5) Pour relever les défis de l'heure et développer l'intervention signalée précédemment, il est également indispensable d'articuler une politique en direction de l'ensemble de l'extrême-gauche et pour les prochaines élections. Il nous faut dénoncer tant la criminelle parabole du gouvernement radical que la vélocité et l'impudence avec lesquelles le péronisme s'est installé à sa place, la manipulation éhontée à travers laquelle il tente d'assurer sa victoire en mars prochain. Si cette dénonciation coïncide avec une évolution dans le même sens des protagonistes de l'argentinazo, il sera possible de développer une puissante campagne contre le cirque électoral.

Mais nous devons aussi nous préparer à développer une intervention électorale commune de l'extrême-gauche politique, sur la base d'un accord minimal sur des mesures anticapitalistes, qui aide à donner une expression et à favoriser la participation politique directe de millions de jeunes et de travailleurs.
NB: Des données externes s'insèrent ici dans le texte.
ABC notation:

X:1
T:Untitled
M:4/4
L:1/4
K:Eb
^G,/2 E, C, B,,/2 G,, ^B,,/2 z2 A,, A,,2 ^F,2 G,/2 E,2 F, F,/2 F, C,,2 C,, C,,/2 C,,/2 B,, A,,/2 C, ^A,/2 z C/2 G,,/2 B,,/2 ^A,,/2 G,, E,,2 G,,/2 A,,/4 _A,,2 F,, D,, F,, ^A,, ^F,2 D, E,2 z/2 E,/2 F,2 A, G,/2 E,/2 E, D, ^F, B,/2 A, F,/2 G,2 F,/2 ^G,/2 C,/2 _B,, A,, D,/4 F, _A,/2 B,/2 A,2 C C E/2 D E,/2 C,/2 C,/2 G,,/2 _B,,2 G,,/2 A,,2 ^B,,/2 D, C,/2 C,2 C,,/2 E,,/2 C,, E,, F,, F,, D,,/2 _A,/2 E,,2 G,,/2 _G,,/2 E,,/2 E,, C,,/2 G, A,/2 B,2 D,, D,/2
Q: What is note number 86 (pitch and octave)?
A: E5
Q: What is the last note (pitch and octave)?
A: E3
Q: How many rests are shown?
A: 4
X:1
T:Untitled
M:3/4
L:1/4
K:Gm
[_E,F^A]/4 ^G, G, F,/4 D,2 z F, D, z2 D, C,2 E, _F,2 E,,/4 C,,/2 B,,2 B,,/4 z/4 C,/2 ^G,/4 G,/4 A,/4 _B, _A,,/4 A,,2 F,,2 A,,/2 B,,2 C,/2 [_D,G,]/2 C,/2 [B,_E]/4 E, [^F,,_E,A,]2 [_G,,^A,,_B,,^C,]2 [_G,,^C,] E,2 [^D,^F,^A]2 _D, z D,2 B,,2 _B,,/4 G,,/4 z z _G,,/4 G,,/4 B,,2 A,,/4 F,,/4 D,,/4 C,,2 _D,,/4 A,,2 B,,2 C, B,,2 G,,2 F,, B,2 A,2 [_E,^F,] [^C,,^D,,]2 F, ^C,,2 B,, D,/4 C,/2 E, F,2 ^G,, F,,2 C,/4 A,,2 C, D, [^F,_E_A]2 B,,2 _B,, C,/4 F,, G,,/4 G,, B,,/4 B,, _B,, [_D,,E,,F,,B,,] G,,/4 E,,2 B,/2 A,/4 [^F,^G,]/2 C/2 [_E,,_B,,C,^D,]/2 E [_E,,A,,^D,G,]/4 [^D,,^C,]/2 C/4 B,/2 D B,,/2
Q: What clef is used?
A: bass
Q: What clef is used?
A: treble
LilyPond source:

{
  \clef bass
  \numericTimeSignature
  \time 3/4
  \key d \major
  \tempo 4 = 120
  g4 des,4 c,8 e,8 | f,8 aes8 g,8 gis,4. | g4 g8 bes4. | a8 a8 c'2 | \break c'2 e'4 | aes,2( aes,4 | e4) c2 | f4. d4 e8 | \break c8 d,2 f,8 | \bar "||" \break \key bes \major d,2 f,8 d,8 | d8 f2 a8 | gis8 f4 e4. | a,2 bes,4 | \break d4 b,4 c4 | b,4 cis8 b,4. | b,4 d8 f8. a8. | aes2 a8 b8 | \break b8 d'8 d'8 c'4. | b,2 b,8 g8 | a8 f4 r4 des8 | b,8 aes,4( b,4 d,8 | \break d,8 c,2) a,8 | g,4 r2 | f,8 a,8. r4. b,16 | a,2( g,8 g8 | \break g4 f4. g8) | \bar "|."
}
Quoi qu'il en soit, il est nécessaire pour impulser cette bataille politique de reconnaître et d'apprécier à sa juste valeur la place privilégiée que Luis Zamora occupe, indépendamment des faiblesses de son organisation politique. Il serait sectaire d'ignorer plus longtemps sa capacité de dialogue avec des secteurs de l'avant-garde et des masses, tout comme le contenu révolutionnaire de ses positions générales. Sa présence dans la rue et son intervention à l'assemblée législative confirment et renforcent cette caractérisation.

6) Enfin, mais ce n'est pas le moins important, il nous faut renforcer la dénonciation de la colonisation impérialiste du pays tout comme de la croisade guerrière lancée par Bush, avec son impact sur l'Amérique Latine et le pays, en luttant contre tout envoi de soldats en Afghanistan, contre l'intervention US en Colombie, contre la tenue de manœuvres et l'installation de bases impérialistes dans notre pays.

Sur un autre plan, les répercussions des récents événements facilitent et exigent une activité visant à établir des liens de coopération et de solidarité avec les organisations sociales et les forces d'extrême-gauche au niveau international et continental.

23 décembre 2001

* Aldo Andrés Romero est membre du comité central du MAS (Mouvement vers le socialisme) ainsi que du conseil de rédaction de la revue Herramienta.